Typical use case: quickly deploying a maintenance page or a static landing page. Generate the site with a tool like Hugo or Vite, upload the ZIP to an S3 bucket (or a Clever Cloud FSBucket), and Otoroshi serves it directly. Zero runtime to manage.

S3 backend — serving from a bucket

The S3 backend connects Otoroshi directly to an S3-compatible bucket. Files in the bucket are served as static assets.

{
  "targets": [{
    "hostname": "s3-backend.otoroshi.io",
    "port": 443,
    "tls": true
  }],
  "root": "/s3/my-bucket/my-prefix"
}

The configuration includes S3 credentials (access key, secret key, region, endpoint). Clever Cloud offers Cellar add-ons: S3-compatible buckets provisionable in a few clicks. One Cellar bucket + one Otoroshi route = a working static hosting setup with no server at all.

graph LR
    Browser["🌐 Browser"]
    Oto["⚙️ Otoroshi"]
    Cellar["🗄️ Cellar S3
Clever Cloud add-on"] Browser -->|"GET /assets/..."| Oto Oto -->|"read"| Cellar Cellar -->|"file"| Oto Oto -->|"200 OK"| Browser

Swagger UI — exposing API documentation without a server

The need

An API has an openapi.json file describing its endpoints, models, and parameters. The goal is to expose a browsable Swagger UI for the developers consuming the API — without deploying a Node.js server, without embedding Swagger UI in the application, and without maintaining dedicated infrastructure.

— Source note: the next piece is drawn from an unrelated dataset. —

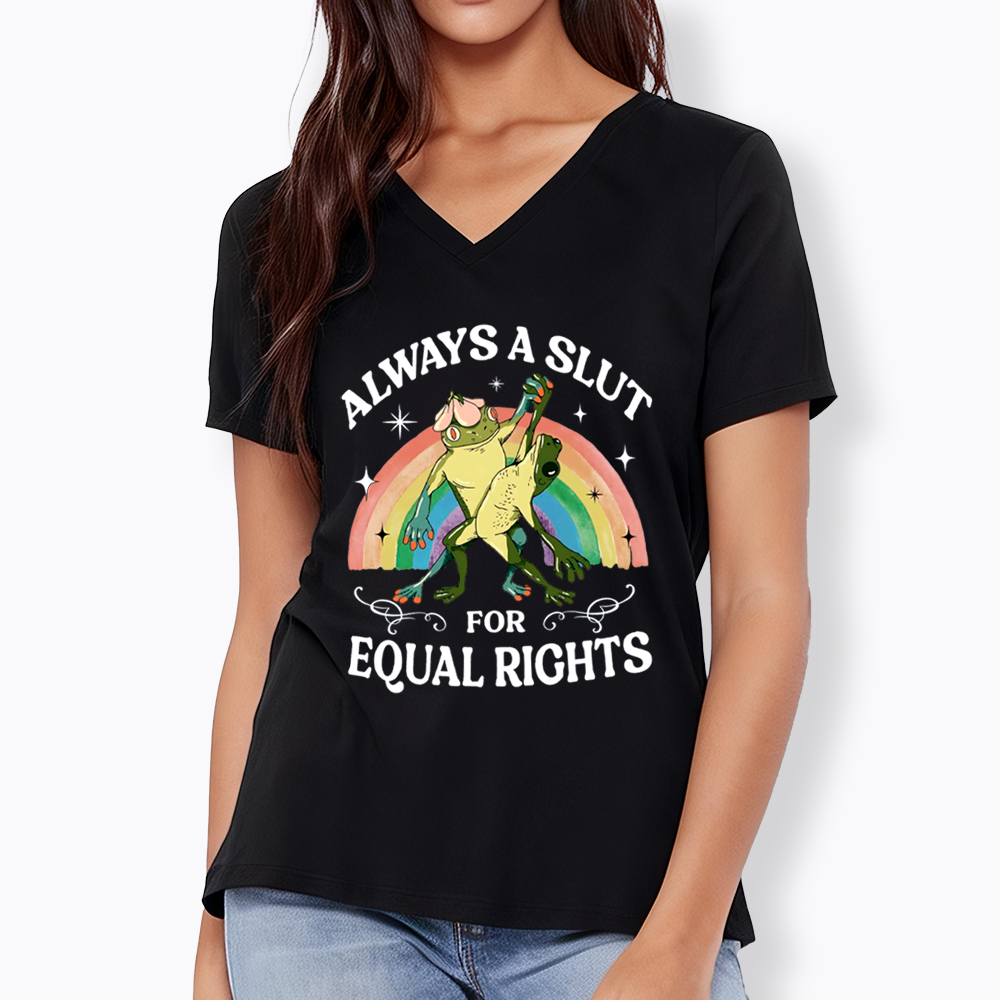 Always A Slut For Equal Rights Frog And Toad LGBT Rainbow V-Neck Classic T-Shirt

The solution with Otoroshi

Otoroshi includes a SwaggerUi plugin that serves a full Swagger UI from a URL pointing to an OpenAPI file. No server to provision: Otoroshi handles the Swagger rendering directly.

{
  "plugin": "cp:otoroshi.next.plugins.SwaggerUi",
  "config": {
    "openapi_url": "https://api.my-project.example.com/doc/openapi.json"
  }
}

A dedicated route is created:

"frontend": {
  "domains": ["api.my-project.example.com/swagger"]
}

By visiting https://api.my-project.example.com/swagger, developers get a full, interactive Swagger UI pointing to the API’s OpenAPI file.

graph LR
    Dev["👩‍💻 Developer"]
    Oto["⚙️ Otoroshi
SwaggerUi plugin"] Json["📄 openapi.json"] Dev -->|"GET /swagger"| Oto Oto -->|"Swagger UI + fetch"| Dev Dev -->|"fetch openapi.json"| Json

What this replaces

Without this plugin, the classic options would be:

  • Embedding Swagger UI in the backend application (dependency, configuration, maintenance)
  • Deploying a dedicated Swagger UI container (an extra Clever Cloud app, a deployment to maintain)
  • Using Swagger Editor online (no customisation, no custom domain)

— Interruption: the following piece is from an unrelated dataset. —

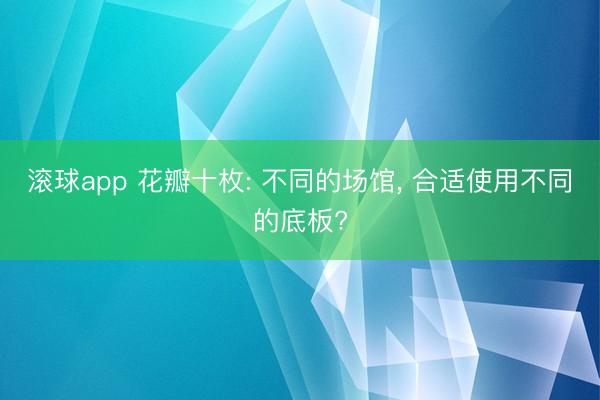 滚球app 花瓣十枚: 不同的场馆， 合适使用不同的底板?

With the SwaggerUi plugin, documentation is available seconds after configuring the route — and the openapi.json file remains the only source of truth to maintain.


Key takeaways

These two features illustrate an often underestimated aspect of Otoroshi: its ability to replace entire applications for static content or presentation needs.

On Clever Cloud, every deployed application has a cost in resources and maintenance. For simple needs — documentation, assets, static pages — Otoroshi backends avoid a full deployment while benefiting from the same routing, the same plugins (auth, cache, CORS), and the same domains as application routes.


Series wrap-up

Nine use cases, one Otoroshi instance, dozens of applications served. Find all the articles in the series:

  1. Introduction
  2. #1: one app, three exposures
  3. #2: everyday HTTP
  4. #3: security & performance
  5. #4: Funny Features (this article)

Key takeaways from this series:

Otoroshi as a control layer — routing, security, HTTP transformation, caching, authentication: everything is configured in one place, without modifying application code.

Clever Cloud as the foundation — applications and add-ons (PostgreSQL/PostGIS, Cellar S3, Otoroshi itself) are provisioned and operated by the platform. The team focuses on business value, not infrastructure.

The duo in production — the use cases in this series are not theoretical examples. They come from real projects, in production, with real availability and performance constraints.